-- SUPPLIED DATA --
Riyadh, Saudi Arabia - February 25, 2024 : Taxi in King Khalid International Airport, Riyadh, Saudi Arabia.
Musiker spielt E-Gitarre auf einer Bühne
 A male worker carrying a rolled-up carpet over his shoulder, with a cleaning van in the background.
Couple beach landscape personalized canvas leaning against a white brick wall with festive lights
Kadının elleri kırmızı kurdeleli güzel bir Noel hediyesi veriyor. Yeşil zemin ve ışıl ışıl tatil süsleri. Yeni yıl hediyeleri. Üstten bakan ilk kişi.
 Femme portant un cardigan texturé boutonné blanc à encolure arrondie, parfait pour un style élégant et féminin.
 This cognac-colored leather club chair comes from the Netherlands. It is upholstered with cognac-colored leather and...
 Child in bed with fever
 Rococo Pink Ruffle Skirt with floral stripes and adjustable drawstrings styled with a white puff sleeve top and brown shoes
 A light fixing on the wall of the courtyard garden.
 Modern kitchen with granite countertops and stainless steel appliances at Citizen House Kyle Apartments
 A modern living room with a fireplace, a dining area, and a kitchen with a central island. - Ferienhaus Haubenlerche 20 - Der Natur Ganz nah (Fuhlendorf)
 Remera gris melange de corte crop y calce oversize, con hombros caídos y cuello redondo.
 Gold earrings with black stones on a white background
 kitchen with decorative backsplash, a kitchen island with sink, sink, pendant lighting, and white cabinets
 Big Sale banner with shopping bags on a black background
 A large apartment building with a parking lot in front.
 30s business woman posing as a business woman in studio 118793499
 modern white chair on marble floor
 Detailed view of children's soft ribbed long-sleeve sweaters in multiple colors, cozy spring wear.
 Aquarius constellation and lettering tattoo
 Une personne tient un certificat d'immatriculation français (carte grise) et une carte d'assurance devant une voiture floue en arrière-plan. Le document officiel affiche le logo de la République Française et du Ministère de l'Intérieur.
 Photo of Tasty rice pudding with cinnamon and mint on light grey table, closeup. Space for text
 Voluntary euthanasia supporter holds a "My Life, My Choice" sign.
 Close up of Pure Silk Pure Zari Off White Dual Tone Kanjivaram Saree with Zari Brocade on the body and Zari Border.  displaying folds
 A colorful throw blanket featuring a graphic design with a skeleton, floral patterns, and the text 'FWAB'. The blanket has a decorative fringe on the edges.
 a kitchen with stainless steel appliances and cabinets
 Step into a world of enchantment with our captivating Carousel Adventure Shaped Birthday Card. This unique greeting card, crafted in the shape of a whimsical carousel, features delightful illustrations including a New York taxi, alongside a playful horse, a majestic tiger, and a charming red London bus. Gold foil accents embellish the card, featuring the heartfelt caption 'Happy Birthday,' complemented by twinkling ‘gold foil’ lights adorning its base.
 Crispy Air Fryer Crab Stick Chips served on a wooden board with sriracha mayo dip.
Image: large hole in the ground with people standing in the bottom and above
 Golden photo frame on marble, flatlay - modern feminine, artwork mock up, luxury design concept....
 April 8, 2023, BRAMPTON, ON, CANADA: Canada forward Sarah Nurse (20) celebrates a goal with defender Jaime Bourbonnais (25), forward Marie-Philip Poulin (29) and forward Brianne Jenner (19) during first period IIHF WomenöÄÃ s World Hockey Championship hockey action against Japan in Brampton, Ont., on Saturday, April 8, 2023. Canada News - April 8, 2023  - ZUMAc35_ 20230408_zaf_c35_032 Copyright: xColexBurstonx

-- TASK GOAL --
An exact retyping of the full listing is required.

-- RESPONSE TO THE EXERCISE --
Riyadh, Saudi Arabia - February 25, 2024 : Taxi in King Khalid International Airport, Riyadh, Saudi Arabia.
Musiker spielt E-Gitarre auf einer Bühne
 A male worker carrying a rolled-up carpet over his shoulder, with a cleaning van in the background.
Couple beach landscape personalized canvas leaning against a white brick wall with festive lights
Kadının elleri kırmızı kurdeleli güzel bir Noel hediyesi veriyor. Yeşil zemin ve ışıl ışıl tatil süsleri. Yeni yıl hediyeleri. Üstten bakan ilk kişi.
 Femme portant un cardigan texturé boutonné blanc à encolure arrondie, parfait pour un style élégant et féminin.
 This cognac-colored leather club chair comes from the Netherlands. It is upholstered with cognac-colored leather and...
 Child in bed with fever
 Rococo Pink Ruffle Skirt with floral stripes and adjustable drawstrings styled with a white puff sleeve top and brown shoes
 A light fixing on the wall of the courtyard garden.
 Modern kitchen with granite countertops and stainless steel appliances at Citizen House Kyle Apartments
 A modern living room with a fireplace, a dining area, and a kitchen with a central island. - Ferienhaus Haubenlerche 20 - Der Natur Ganz nah (Fuhlendorf)
 Remera gris melange de corte crop y calce oversize, con hombros caídos y cuello redondo.
 Gold earrings with black stones on a white background
 kitchen with decorative backsplash, a kitchen island with sink, sink, pendant lighting, and white cabinets
 Big Sale banner with shopping bags on a black background
 A large apartment building with a parking lot in front.
 30s business woman posing as a business woman in studio 118793499
 modern white chair on marble floor
 Detailed view of children's soft ribbed long-sleeve sweaters in multiple colors, cozy spring wear.
 Aquarius constellation and lettering tattoo
 Une personne tient un certificat d'immatriculation français (carte grise) et une carte d'assurance devant une voiture floue en arrière-plan. Le document officiel affiche le logo de la République Française et du Ministère de l'Intérieur.
 Photo of Tasty rice pudding with cinnamon and mint on light grey table, closeup. Space for text
 Voluntary euthanasia supporter holds a "My Life, My Choice" sign.
 Close up of Pure Silk Pure Zari Off White Dual Tone Kanjivaram Saree with Zari Brocade on the body and Zari Border.  displaying folds
 A colorful throw blanket featuring a graphic design with a skeleton, floral patterns, and the text 'FWAB'. The blanket has a decorative fringe on the edges.
 a kitchen with stainless steel appliances and cabinets
 Step into a world of enchantment with our captivating Carousel Adventure Shaped Birthday Card. This unique greeting card, crafted in the shape of a whimsical carousel, features delightful illustrations including a New York taxi, alongside a playful horse, a majestic tiger, and a charming red London bus. Gold foil accents embellish the card, featuring the heartfelt caption 'Happy Birthday,' complemented by twinkling ‘gold foil’ lights adorning its base.
 Crispy Air Fryer Crab Stick Chips served on a wooden board with sriracha mayo dip.
Image: large hole in the ground with people standing in the bottom and above
 Golden photo frame on marble, flatlay - modern feminine, artwork mock up, luxury design concept....
 April 8, 2023, BRAMPTON, ON, CANADA: Canada forward Sarah Nurse (20) celebrates a goal with defender Jaime Bourbonnais (25), forward Marie-Philip Poulin (29) and forward Brianne Jenner (19) during first period IIHF WomenöÄÃ s World Hockey Championship hockey action against Japan in Brampton, Ont., on Saturday, April 8, 2023. Canada News - April 8, 2023  - ZUMAc35_ 20230408_zaf_c35_032 Copyright: xColexBurstonx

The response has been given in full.